The definition of what constitutes the "West" is less about geography and more about the confluence of cultural influences. Nations like Australia and New Zealand, despite their location in the Eastern Hemisphere, are generally included due to their profound historical ties to the British, stemming from colonization and subsequent European immigration. Russia presents a complex case, sometimes aligned with the West, other times positioned against it, even fostering anti-Western sentiment. The ascension of the United States as a global power, facilitated by advancements in communication and transportation technologies like the telegraph and railroads, further amplified its role in conceptualizations of the West.
Historically, particularly between the 18th and mid-20th centuries, some prominent Western nations such as the United States, Canada, Brazil, Argentina, Australia, and New Zealand were viewed by certain factions as ethnocracies designed for Whites. This perspective is often linked to the role of racism in fueling Western European colonization of the New World, which today largely comprises the geographical West, divided between the Global North and Global South. In more recent decades, particularly from the late 1960s onwards, parts of the Western world have become significantly more diverse due to immigration and evolving fertility rates. The very concept of "the West" has transformed from a mere directional indicator to a complex sociopolitical construct, imbued with notions of progress and modernity, and oriented towards the future.
Introduction
The roots of Western civilization are deeply embedded in the ancient Mediterranean world. Ancient Greece and Ancient Rome are widely recognized as the cradles of this civilization, with Greece profoundly influencing Rome. Greece's contributions lie in its impact on philosophy, democracy, science, aesthetics, and architectural principles. Rome, in turn, left an indelible mark on art, law, warfare, governance, republicanism, engineering, and religion. Christianity, which became the dominant religion in the West, draws its origins from Greco-Roman and Jewish thought. The Christian ethics, informed by the ethical and moral principles of Judaism, have fundamentally shaped the bedrock of Western societies. Earlier civilizations, such as the ancient Egyptians and Mesopotamians, also played a significant role, contributing advancements in writing, legal systems, and societal organization. The fusion of Greco-Roman and Judeo-Christian influences has led some scholars to characterize Western civilization as a synthesis of Athens and Jerusalem, or even Athens, Jerusalem, and Rome.
During antiquity, individuals primarily identified with their states, city-states, or empires, rather than as members of a distinct "Western civilization." This specific identification began to crystallize with the rise of Christianity in the Late Roman Empire. It was during this period that peoples in Europe started to see themselves as part of a unique civilization, differentiating themselves from others, such as Islam. By the Renaissance, intellectuals had solidified this concept, linking Western civilization not only to Christianity but also to the intellectual and political achievements of the ancient Greeks and Romans.

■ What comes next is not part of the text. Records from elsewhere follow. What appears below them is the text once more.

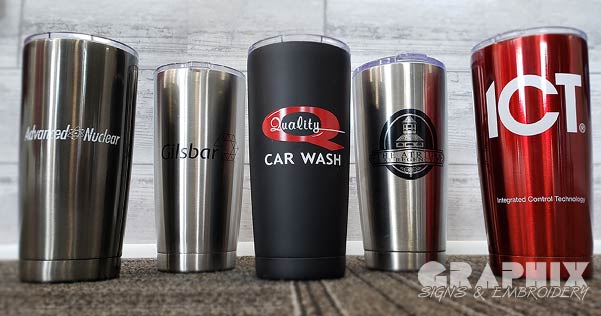Variety of stainless mugs with logos of some of our clients on them.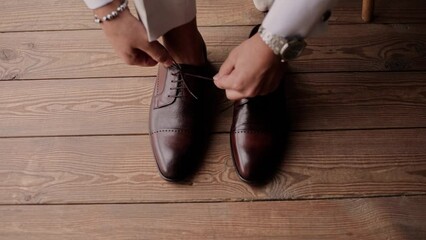 man in suit putting on new shoes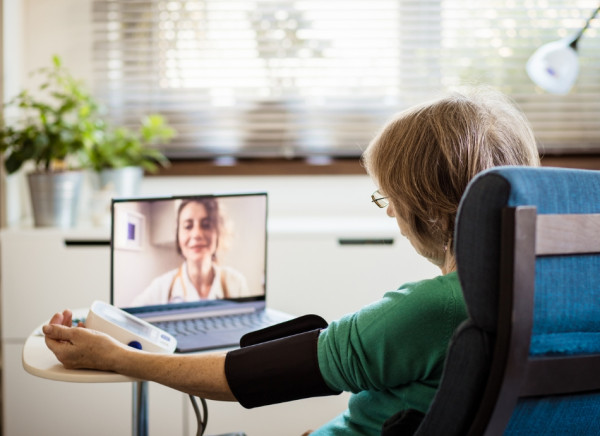 Woman taking her blood pressure in telehealth consultation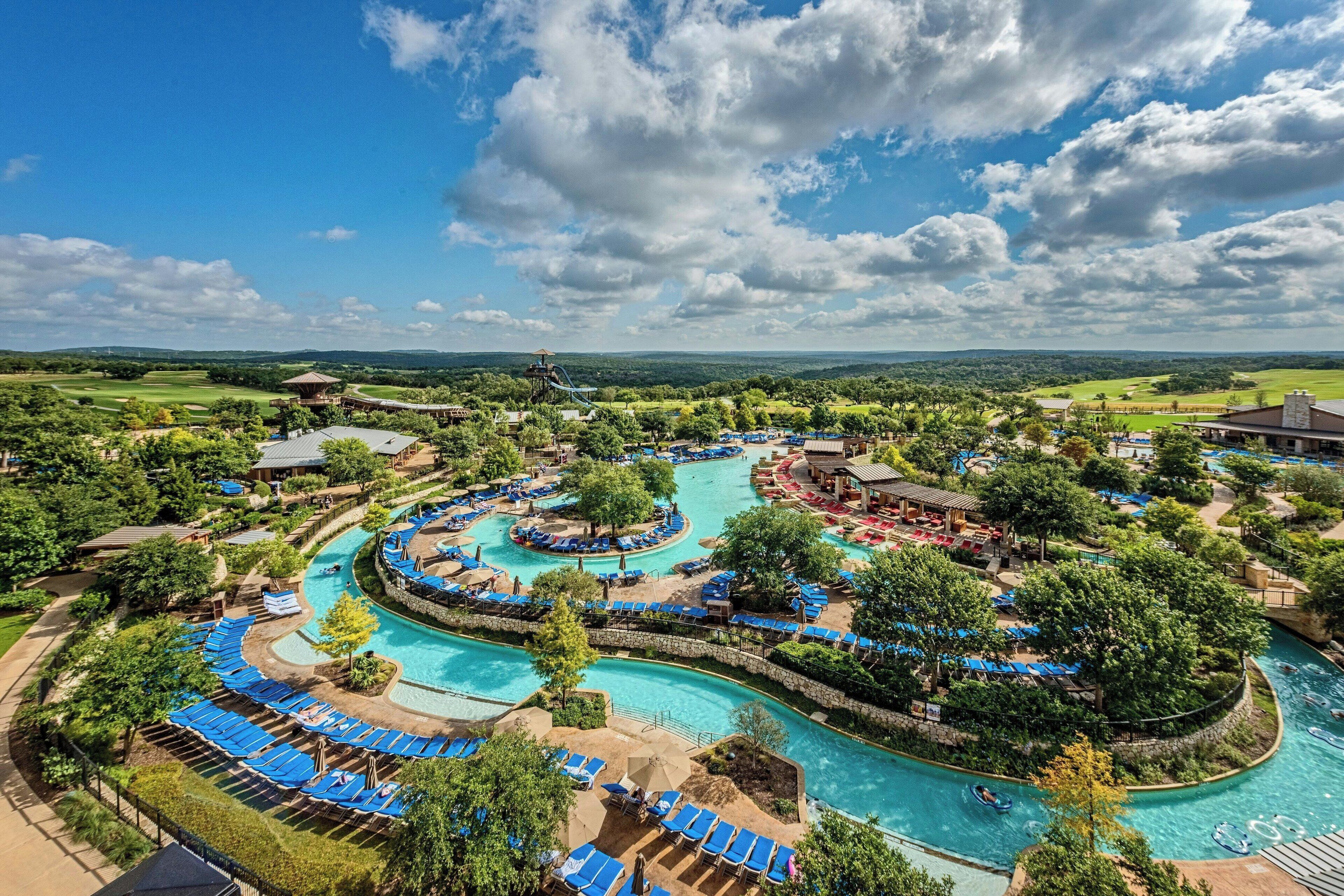 Un resort con un amplio área de piscina, varias toboganes acuáticos y una vista panorámica del paisaje circundante.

Historians like Carroll Quigley, in his work "The Evolution of Civilizations," posit that Western civilization emerged around AD 500, following the fall of the Western Roman Empire. This collapse, in Quigley's view, created a fertile ground for new ideas that had been suppressed in Classical societies. Regardless of the precise origin, the period between the fall of the Western Roman Empire and the Renaissance witnessed a decline, followed by a significant readaptation, reorientation, and renewed material, technological, and political development in the regions that would later form the core of the "Western sphere." Aspects of Classical culture were preserved through the survival of the Eastern Roman Empire and the influence of the Catholic Church. Furthermore, Arab scholars played a crucial role in expanding knowledge by transmitting both Ancient Greco-Roman learning and new technologies from India and China to Europe.
Christopher Columbus arrives at the New World.
From the Renaissance onward, the West evolved beyond its ancient Greco-Roman and Islamic influences, propelled by the Second Agricultural, Commercial, Scientific, and Industrial revolutions, which fostered the development of modern banking concepts. The 18th century's Age of Enlightenment and the global expansion driven by the Age of Exploration further elevated the West's prominence. This expansion, often carried out by Western European colonial powers, was frequently accompanied by Catholic missionaries seeking to spread Christianity.
In the modern era, Western culture has continued to transform through the Renaissance, the Ages of Discovery and Enlightenment, and the Industrial and Scientific Revolutions. The global reach of Western culture was significantly extended through imperialism, colonialism, and Christianization by Western powers from the 15th to the 20th centuries. This influence persists today through the global dissemination of mass culture, a phenomenon often termed Westernization.
Debates arose in the 1960s regarding the classification of Latin America as a distinct category.
Culture
- This section is an excerpt from Western culture.
Leonardo da Vinci's Vitruvian Man, illustrating the correlation between ideal human proportions and geometry as described by the ancient Roman architect Vitruvius in Book III of his treatise De architectura.
Western culture, also known as Western civilization, European civilization, Occidental culture, Western society, or simply the West, is characterized by its internal diversity. It encompasses the social norms, ethical values, traditional customs, belief systems, political systems, artifacts, and technologies that are primarily rooted in European and Mediterranean histories. As a broad concept, "Western culture" does not adhere to fixed geographical boundaries or a static membership. It generally refers to the classical era cultures of Ancient Greece, Ancient Rome, and their subsequent Christian successors, which spread across the Mediterranean basin and Europe, and eventually disseminated globally through colonization and globalization.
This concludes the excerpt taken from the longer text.